The diploma is "useless" at the practical level, contextualized by the present socioeconomic construct wherein the American Republican finds itself entrapped. I studied Medieval and Renaissance English literature, but three years of unemployment in the midst of an economic collapse taught me that I would not be working in academia anytime soon. I had to choice but to look for anything I could find in a great metropolitan area where the job market is over-saturated by those who are my senior and who have more experience and education than I have, but who have been either laid off or underemployed. A free-lance position in the construction industry (an ornate morphological adornment for "day-laborer") was the most viable and most worthwhile option in my personal circuмstances.
From what I have observed and experienced, it appears that American society is gradually sinking into some sort of strange and unnerving paradox: while the old class structures have become more fluid and are constantly being re-contextualized, it has become more "classist" than ever.
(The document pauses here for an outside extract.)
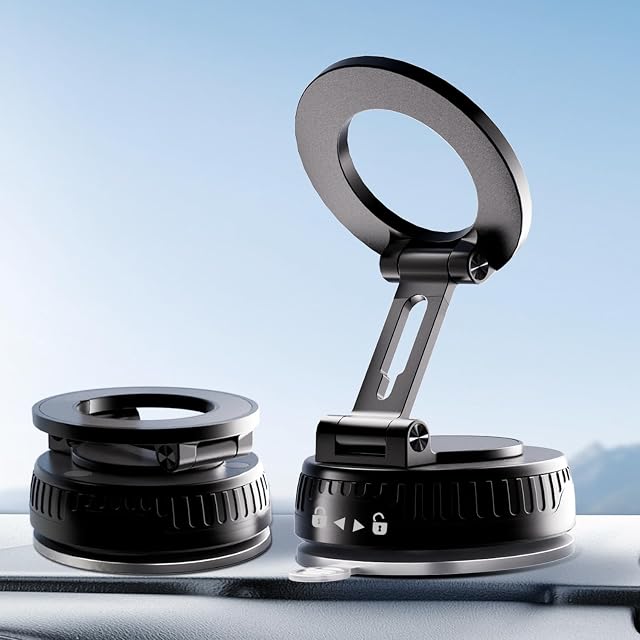 Magnetic Car Mount Vacuum Suction Phone Holder - EndlessAzure N55 Strong Magnet, Metal Foldable Arm, 360° Adjustable for MagSafe, iPhone17 and Other Smartphone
A great number of the younger generations that have attained to some sort of academic training or university education are finding themselves enmeshed in a cycle of debt and denial of employment opportunity that has essentially negated the great expectations that had entertained (or were given to believe they had) as they were achieving their degrees. This very same academic background has hampered them in their search for employment, as supervisors are unwilling to hire those whose education and talent could potentially threaten their own job security; or because it would be convenient to hire someone of inferior education or with less experience, as they would be payed a lesser wage.
However, people generally seem to have a sort of prejudice in favor of the educated and presentable workers in any job or trade or craft, whether because they comport themselves better, or use proper grammar and enunciation, or dress neater, etc. It seems that the consumerist populace is conspiring with the socio-economic factors mentioned above in order to create a sort of new class of hyper-educated but relatively impoverished and disenfranchised citizens that will avail the financial machine all too conveniently, and will produce a large demographic of confused voters that political demagogues could manipulate according to their designs.
In many discussions I have had with those who are my junior and are either in college or planning to attend college, I have stressed the paramount importance of carefully choosing one's major and, by prudence and temperance, maintaining a balance between the industrious endeavor towards academic excellence and practical experience pertinent to the field that is the object of their study (by work experience, internships, &c.). Moreover, the college student needs to be well-rounded, and acquire sundry and various skills that may be necessary in certain circuмstances in everyday life.
It's not arbitrary pedagogical standards formulated by social engineers and imperiously imposed upon academic institutions that prepare youth for the future, but a solid, practical knowledge that will enable them to survive and thrive as citizens that edify their communities.